Noi sappiamo bene che c’è anche un’altra pace di ordine etico, pace della coscienza, tranquillità della coscienza. Anche questa è una pace che ci offre Cristo, a cui ci prepara e che augura a ciascuno di noi. Possiamo dire che la pace nella sua dimensione interna, nella sua dimensione spirituale, e questo si ripete ogni giorno, in ogni celebrazione eucaristica Cristo offre questa sua pace, dà questa sua pace ai suoi discepoli senza fine, alle nuove generazioni, da duemila anni.

Poi, vengono gli operatori della pace. Certamente noi apprezziamo molto coloro che sono operatori della pace nel senso internazionale, nel senso diplomatico, politico. Certamente, hanno molti meriti, così come anche quelli che cercano la pace nella convivenza quotidiana con i più vicini, nella loro famiglia, fra gli sposi, fra i genitori e i giovani. Ma tutto ciò dipende da questa pace intima, da questa pace che Cristo opera in noi. Solamente chi ha questa pace operata da Lui, “la mia pace”, solamente quello può essere anche operatore della pace, può portare la pace agli altri, può diffondere la pace.

Allora vi lascio questa breve riflessione per spiegare il momento storico, ma d’altra parte, anche per spiegare il momento apostolico, perché voi qui riuniti, appartenenti ai diversi gruppi parrocchiali e extra-parrocchiali, voi tutti vi preparate all’apostolato. Ed erano apostoli coloro che hanno ricevuto questa pace di Cristo: “Vi lascio la mia pace”. Erano gli apostoli e veramente hanno ricevuto questa pace, hanno portato questa pace, attraverso itinerari molto difficili, difficilissimi, perseguitati da diverse parti . . . Ma essi avevano questa pace interna e hanno potuto offrire questa pace agli altri. E questa è anche la pace che Dio vuole nella Chiesa e che vuole offrire al mondo la Chiesa: Chiesa come comunità universale, Chiesa come popolo di Dio, Chiesa come entità apostolica. Essa vuole vivere questa pace, vuole sempre approfondire e offrire questa pace al mondo.

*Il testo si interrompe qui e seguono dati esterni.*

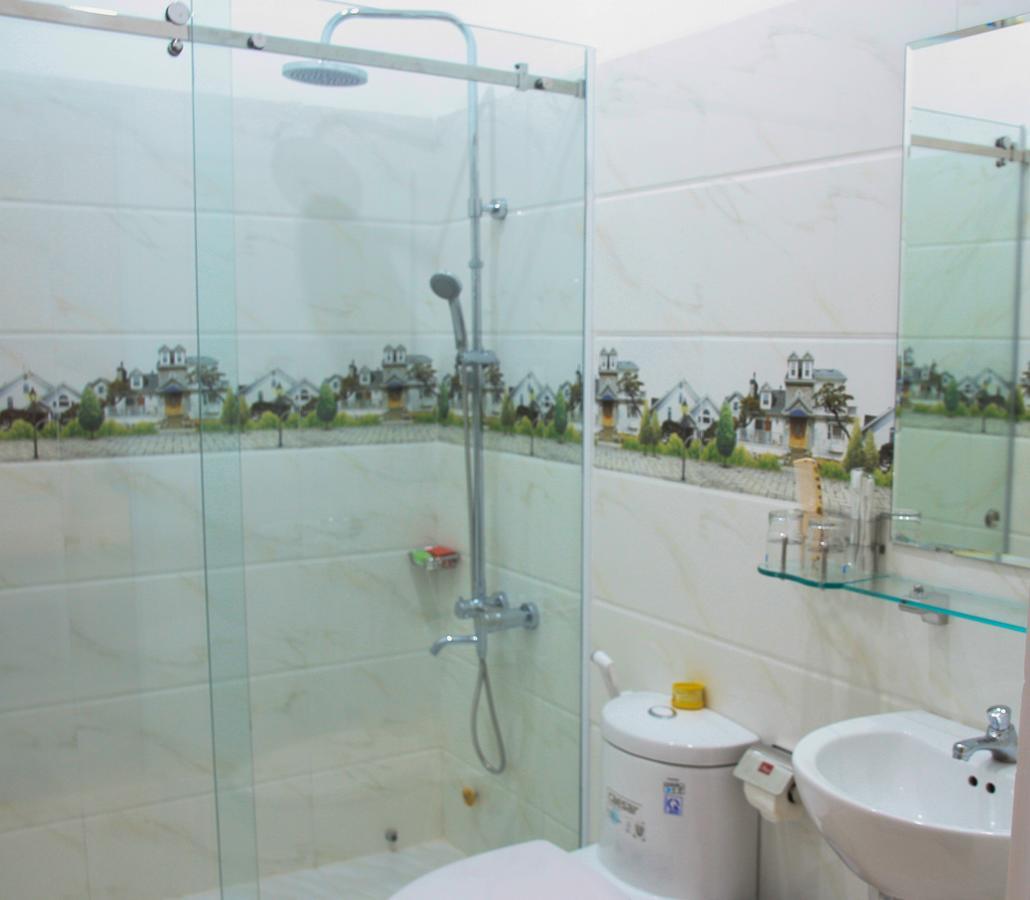 פאן ראנג Dong Nam Hotel מראה חיצוני תמונה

Ecco, carissimi, vi auguro una buona continuazione giovanile in questa parrocchia, che nella sua fondazione ha già una grande ispirazione, una grande animazione giovanile, perché sappiamo bene chi era Don Orione. Vi auguro allora la maturazione cristiana: questa maturazione cristiana è sempre apostolato. Vi auguro anche un apostolato giovanile che possa trasformare il mondo attraverso la vostra maturità cristiana: il mondo dei vostri coetanei, il mondo delle generazioni più anziane e più giovani. Molto dipende da voi, carissimi. Grazie per questo incontro. Grazie anche per il canto nella chiesa e poi qui.